Case Western Reserve University School of Law

Date Written: 2019


Large privately held startups valued at $1 billion or more (“unicorns”) are dealing with employees’ conflicts of expectations due to the illiquidity of the shares of stock acquired upon exercise of their options.

Until about eight years ago, many talented workers chose to work for a startup company for a lower cash salary combined with a substantial stock option grant, and the dream of cashing out for a large sum of money after an initial public offering (“IPO”) of the startup’s stock.

Today, unicorns remain private for extended periods of time in part because they are often no longer dependent on an IPO or a trade sale to raise sufficient capital. As a result, they are delaying liquidity events for their founders, employees, and investors, thereby causing their employee stock options to lose some of their allure as a hiring and retention device.

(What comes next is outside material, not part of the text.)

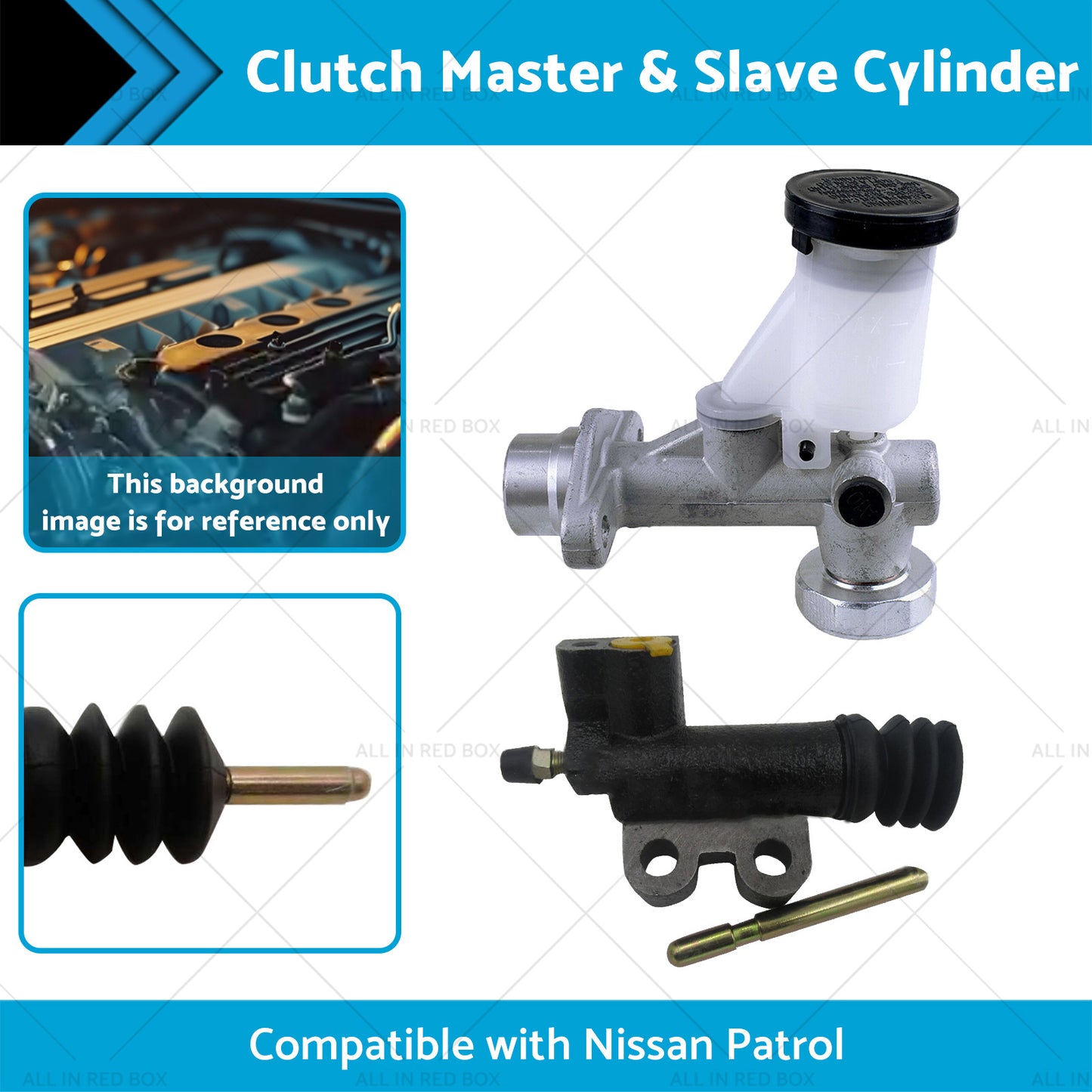{{ Clutch Slave and Master and Booster Cylinder Suitablefor Nissan Patrol GU Y61 4. 2L }} - Buy Car Parts Online at {{ Kaka Auto Parts }}.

This article examines a contemporary puzzle in Silicon Valley – is there a shift in unicorn employees expectations that results in labor contracting renegotiations? It explores the challenges faced by unicorn firms as repeat players in competitive technology markets. It offers the following possible solutions. First, new equity-based compensation contracts, and critiques them. Second, alternatives to the traditional liquidity mechanisms, and critiques them.

It concludes with proposals to remove legal barriers to private ordering, and new mandatory disclosure requirements.

Keywords: unicorn firms, entrepreneurship, corporate law, employees, contract, IPO, golden handcuffs, stock option, equity, technology, lock-in, illiquidity

Suggested Citation

Alon-Beck, Anat, Unicorn Stock Options - Golden Goose or Trojan Horse? (2019). Case Legal Studies Research Paper No. 2019, 2019 Colum. Bus. L. Rev. 107 (2019), Available at SSRN: https://ssrn.com/abstract=3228400 or http://dx.doi.org/10.2139/ssrn.3228400

Anat Alon-Beck (Contact Author)

Case Western Reserve University School of Law ( email )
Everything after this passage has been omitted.